What that reflects is that although a lot of SERPs obviously don’t have a local pack, place is another word for local pack; when it does appear, it’s big, and it’s at the top.
So, this is actually down a little bit in share of voice year-on-year, even though that’s not true for presence for this feature. So, what that reflects is that Google may be more willing to put something above a local pack than it was a year ago.
Carousel
Now carousel, we’ve talked about a little bit already, and I think the increase in share of voice for carousel reflects that a lot of different kinds of a feature are sort of gradually moving up in prominence as opposed to organic.
Knowledge Graph
The Knowledge Graph change is mainly driven by smartphone SERPs. STAT is a rank tracker, obviously, so we’re interested in the main column of search results, not the sidebar. So, if I say Knowledge Graph, you might think of the sidebar that you often get, which is sort of Wikipedia-focused. This is not about that.
This is about the things you get in the main column of rankings, for example, dictionary results, currency conversion, and weather. If you ever search for like the cast of a film or something like that and you get these big Knowledge Graph results at the top of the SERP, these have gone up significantly year-on-year, and that’s especially true, hugely true on smartphone.
Again, there are a lot of things crowding out organic basically on smartphone at this point.
People also ask
Then people also ask, so this is a little bit down, so appearing further down the SERP year-on-year, but I think because we talked about how it was roughly even on presence and yet it’s gone down in share of voice. So that indicates it’s probably just moved down the SERP even when it’s still appearing.

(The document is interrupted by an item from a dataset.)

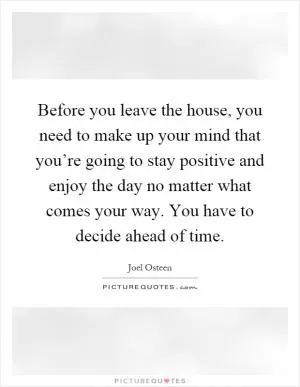 Before you leave the house, you need to make up your mind that you’re going to stay positive and enjoy the day no matter what comes your way. You have to decide ahead of time Picture Quote #1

So this is based on current sort of public SERPs. But if you do look at opt-in SGE sort of test SERPs, in a lot of cases, PAA is replaced by a feature called or what we are calling ask a follow-up question, which takes you through to a chat interface.
So, this drop may be a sign of things to come; that Google could be looking at different ways of solving this problem in the future.
News
Then news, again, this looks like a small drop because it’s 1.3% to 0.9%, but that’s actually quite large. That’s in the region of a third less share of voice because news results don’t appear on that many SERPs, so this ends up being quite a significant change.
This is actually driven by just fewer SERPs having a news result on them even than last year. In a lot of cases, we think this might be driven by an increase in features like discussions and forums, which is kind of interesting because there’s certainly much more disinformation risk with a feature like discussions and forums than there would be with news, where Google has in the past been quite rigorous with what they’ll accept as a news result. We’ve also seen Google removing the News tab in some tests from search results.
So this is, again, maybe a sign of things to come, but not that rosy a sign of things to come, I’m afraid.
Organic
Similarly, with organic, you see 40% to 34%. It’s getting increasingly rare to see organic links as the top items on a SERP, and that is particularly true on smartphone.
It’s actually down to 28%. I’ve written that quite poorly, but it’s down to 28% now on smartphone, which, again, that’s a very small number, really. That’s getting close to only a quarter of share of voice going to organic results on smartphone SERPs.